A recent study focused on an initial technique of renal replacement therapy and its effect on patient survival and kidney survival in critically ill patients with acute kidney injury [1]. The study is the third publication from the Beginning and Ending Supportive Therapy for the Kidney Investigators Writing Committee. Enrolling 1,218 patients treated with continuous renal replacement therapy (CRRT) or with intermittent renal replacement therapy (IRRT) for acute renal failure in 54 intensive care units in 23 countries, the investigators followed the patients to death or to hospital discharge. Their findings were interesting; patients treated with CRRT (n = 1,006, 82.6%) had higher illness severity scores and required vasopressor drugs and mechanical ventilation more frequently compared with those receiving IRRT (n = 212, 17.4%). The reasons for initiating renal replacement therapy also differed; for instance, sepsis was more common in the CRRT group. Considering the different patient categories, the authors unsurprisingly found that unadjusted hospital survival was lower in the CRRT group. Multivariable logistic regression, however, showed that the choice of renal replacement therapy was not an independent predictor of hospital survival or of dialysis-free hospital survival. Most importantly, the study showed that the choice of CRRT was a predictor of dialysis independence at hospital discharge among survivors (odds ratio = 3.3, 95% confidence interval = 1.8–6.0, P < 0.0001). The authors conclude that, worldwide, the choice of CRRT as the initial therapy is not a predictor of hospital survival or of dialysis-free hospital survival, but that it is an independent predictor of renal recovery among survivors. The authors speculate on the reasons for this, and on whether hypotension plays a part. The numbers of reported hypotensive episodes were indeed significantly higher in the IRRT group than in the CRRT group (27.9% and 18.8%, respectively).
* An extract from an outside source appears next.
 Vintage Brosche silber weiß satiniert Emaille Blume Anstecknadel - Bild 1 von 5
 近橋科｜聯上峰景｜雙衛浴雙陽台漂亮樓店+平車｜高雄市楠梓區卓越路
Perhaps it is the poor outcome [2] – measured as mortality – of critically ill patients with acute renal failure that has prevented the research community from evaluating the determinants of long-term morbidity. The vast differences between countries and regions concerning the choice of the initial technique of renal replacement therapy could also have hampered this field of research [35]. Surgery and internal medicine are disciplines with several hundred years of history – is this an explanation for the fact that long-term outcome is an integrated and natural part of clinical studies in those fields?

The adolescent specialty of intensive care medicine, born in 1952 after the polio epidemic in Copenhagen [6], has been satisfied with less; namely, with the reporting of short-term mortality.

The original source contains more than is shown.